How to fix a BRCA1/2 gene mutation that causes cystic fibrosis: The cure is a little-known gene
A new study has found that if you have a BCR-ABL mutation, you can potentially be cured of cystic Fibrosis by changing your DNA.
Researchers from Columbia University, the University of Texas Southwestern Medical Center and the Johns Hopkins Bloomberg School of Public Health found that those with a mutation in the BRCAS1 and 2 gene were twice as likely to have a favorable prognosis when it came to the progression of their disease.
This suggests that these individuals could potentially benefit from a gene therapy that targets the BCR and the Bcl-2 genes, which are also involved in the production of Bcl genes, the enzymes that help break down collagen.
“Our study shows that in people with a Bcl gene mutation, we can potentially make the disease go away,” said senior author and PhD student, Michael R. Schurman, M.D., Ph.
D. “This is a very novel approach, and it could potentially have tremendous implications for many patients.
This could be one of the first times in the history of medicine that people with BCR mutations have been shown to be able to improve their health.”
The researchers first found that BCR2 mutations were linked to about 1 in 4 people with cystic cystic disease, and were also associated with elevated risk for type 2 diabetes and cardiovascular disease.

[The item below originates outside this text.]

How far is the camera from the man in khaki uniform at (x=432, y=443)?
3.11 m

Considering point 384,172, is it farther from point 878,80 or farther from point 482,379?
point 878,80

The BRCAs2 gene is the main transcription factor responsible for converting Bcl to Bax.
Schorman and his team also found that patients with a high BRCAC1 level also had an increased risk for Type 2 diabetes.
The research team was able to identify a gene that is likely to be involved in BCR gene function and found it to be the Bcr1 gene.
Schourman said that Bcr genes are key regulators of the body’s immune system, and the gene that regulates Bcr gene function is also involved with the production and clearance of Bax, a substance that is required for the formation of collagen.
“There are some Bcr2 gene variants, and these are known to be associated with risk for developing certain inflammatory diseases,” Schormen said.
“But we also found a gene variant that is associated with a significantly higher risk for diabetes, and that variant is associated to a significantly lower likelihood of having a favorable outcome.”
A BRCAL gene mutation causes the immune system to produce antibodies, which can then trigger a cascade of events that lead to the formation and maintenance of collagen in the body.
“We are interested in studying the interactions between the immune response and the collagen production, so we need to look at the BrcA2 and BcrA2 genes as well as the Bax genes, because those are key players in the process,” Schurmen said, adding that it was difficult to get a high level of accuracy in these tests.
Schorman’s team found that people who had mutations in the two genes were twice more likely to develop the disease, with a 25% increased risk of developing the disease compared to the control group.
Schouman’s research team also discovered that the mutations increased the likelihood of the patient’s body rejecting the BRS-1 gene, a gene in the bone marrow that has been linked to bone loss and inflammation.
This gene was also found to be linked to a higher risk of having certain types of cancer.
“This study is the first to suggest that these two genes are associated with the development of a Bcr mutation that can be beneficial,” Schoumans said.
“And, interestingly, these mutations increase the risk for the patient to develop Type 2 Diabetes.
That is a big potential benefit, but we don’t know if it would be as important for the patients with Type 2 Diabetes.”
The study was published online by Nature Medicine on May 15.
It is available at www.nature.com/articles/srep1726.